There is no need to distinguish between real or complex embeddings.

If $n > 2$ and $\operatorname{Gal}(f) = S_n$ then the images of all embeddings are pairwise distinct.

Proof: Suppose $\beta, \gamma$ are two distinct roots of $f$, and let $\mu$ be a third. If $\mathbb{Q}(\gamma) \subset \mathbb{Q}(\beta)$ then $\gamma = P(\beta)$ for some polynomial $P \in \mathbb{Q}[x]$. View the equation $\gamma = P(\beta)$ in the splitting field of $f$ and apply the Galois action of a transposition interchanging $\gamma$ and $\mu$ (fixing $\beta$ and $\mathbb{Q}$, so $P(\beta)$ too) to obtain $\gamma = \mu$: absurdity.
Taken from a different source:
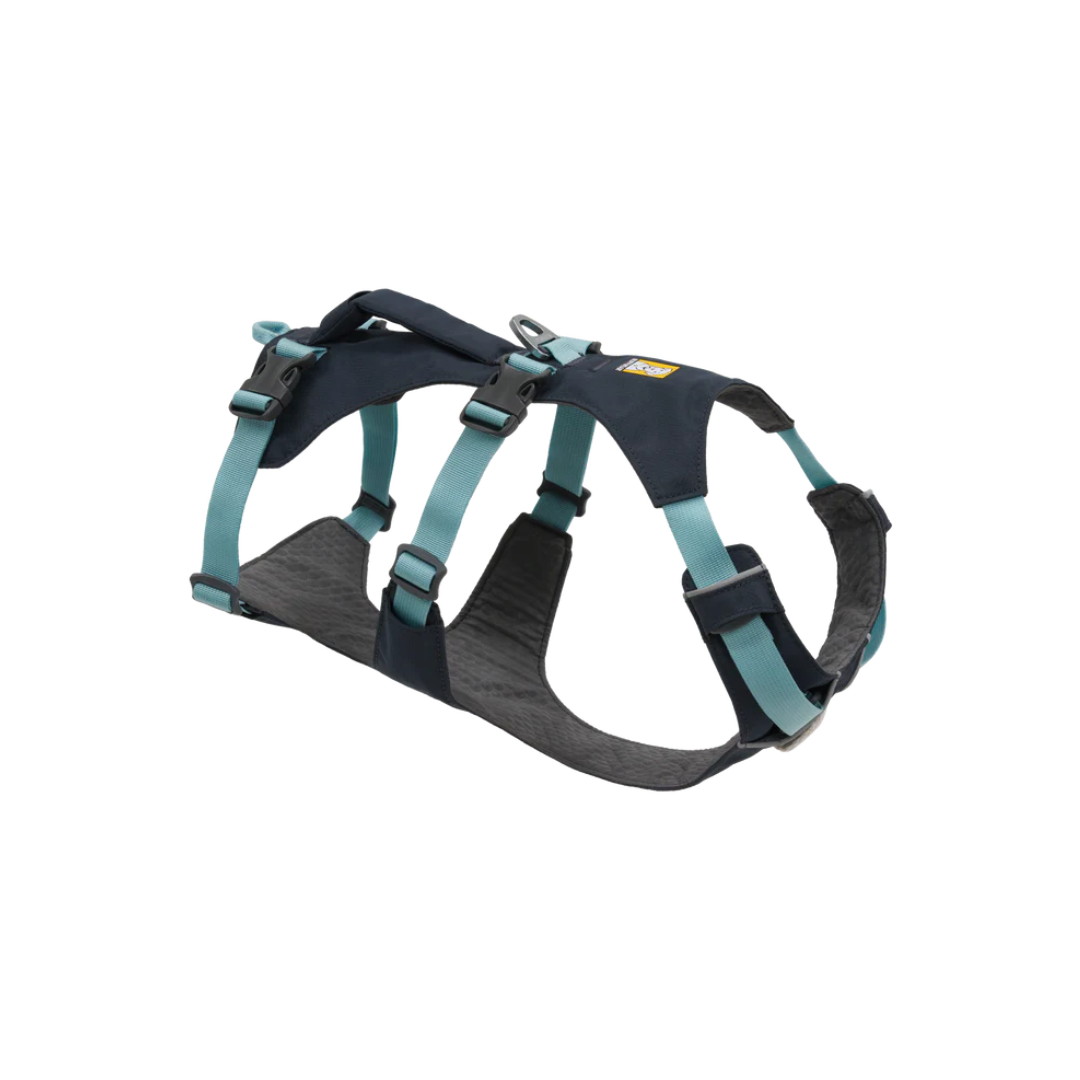 Ruffwear – Flagline Harness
Q.E.D.

A corollary:

If $n > 2$ and $\operatorname{Gal}(f) = S_n$ then $\operatorname{Aut}(\mathbb{Q}(\alpha)/\mathbb{Q}) = \{ \operatorname{id} \}$ for every root $\alpha$ of $f$.

Proof: The only root of $f$ in $\mathbb{Q}(\alpha)$ is $\alpha$ itself, by the proof above.